It may help to view the set of solutions geometrically. If N > 0, then, as an equation in real numbers, $x^{2} - Dy^{2} = N$ is a hyperbola with the x-axis as its axis, and the y-axis as an axis of symmetry. The asymptotes are the lines $x \pm y\sqrt{D} = 0$. Let (t, u) be the minimal positive solution to $x^{2} - Dy^{2} = 1$. Draw the graph of $x^{2} - Dy^{2} = N$ over the reals. Mark the point $(\sqrt{N},0)$, which is on this graph. Now mark the point $(t\sqrt{N},u\sqrt{N})$, which is also on the graph. Continue marking points so that if (x, y) is the most recent point marked, then the next point marked is $(xt + Dyu,xu + yt)$. All of the points marked so far, apart from the first, have x > 0 and y > 0. Now, for each point (x, y) that has been marked, mark all of the points (±x, ±y) not yet marked.
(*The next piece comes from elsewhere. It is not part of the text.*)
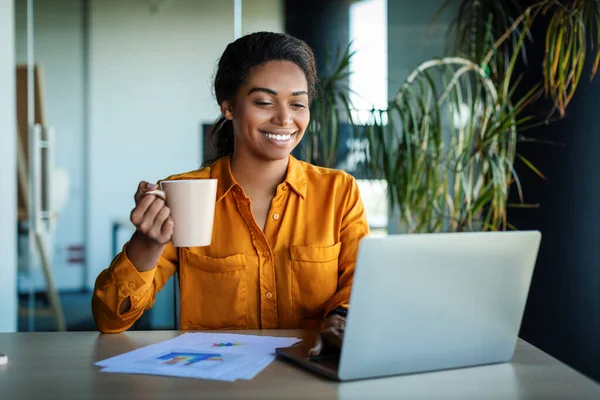 Happy African American Businesswoman Working Laptop Drinking Coffee Sitting Workplace —  Fotos de Stock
The marked points divide the graph into intervals. Make the interval $((\sqrt{N},0),(t\sqrt{N},u\sqrt{N})]$ a half-open interval, and then make the other intervals on this branch half-open by assigning endpoints to one interval. Make the intervals on the other half-open by mapping (x, y) in the right branch to $(-x,-y)$ on the left branch. If there are integer solutions to $x^{2} - Dy^{2} = N$, then

1)
No two solutions within the same (half-open) interval are equivalent,
2)
Every interval has exactly one solution in each class, and
3)
The order of solutions by class is the same in every interval.

Instead of starting with the point $(\sqrt{N},0)$, we could have started with any point (r, s) on the graph, and marked off the points corresponding to $\pm (r + s\sqrt{D})(t + u\sqrt{D})^{n}$. The above three comments still apply.

The situation is similar in the case N < 0, except that the graph has the y-axis as its axis, and the x-axis is an axis of symmetry. If the negative Pell’s equation $x^{2} - Dy^{2} = -1$ is solvable, then any of its solutions can be used to generate a correspondence between solutions to $x^{2} - Dy^{2} = N$ and $x^{2} - Dy^{2} = -N$.

Within a class there is a unique solution with x and y nonnegative, but smaller than any nonnegative solution. This is the minimal nonnegative solution for the class. There is also either one or two solutions so that y is nonnegative, and is less than or equal to any other nonnegative y in any solution (x, y) within the class. If there is one such solution, it is called the fundamental solution. If there are two such solutions, then they will be equivalent and their x-values will be negatives of each other. In this case, the solution with the positive x-value is called the fundamental solution for the class.

When tabulating solutions, it is usually convenient to make a list consisting of one solution from each class. Often, this list will consist of the minimal nonnegative solutions, or the fundamental solutions. Given any solution in a class, it is easy to find the fundamental solution or the minimal nonnegative solution for that class.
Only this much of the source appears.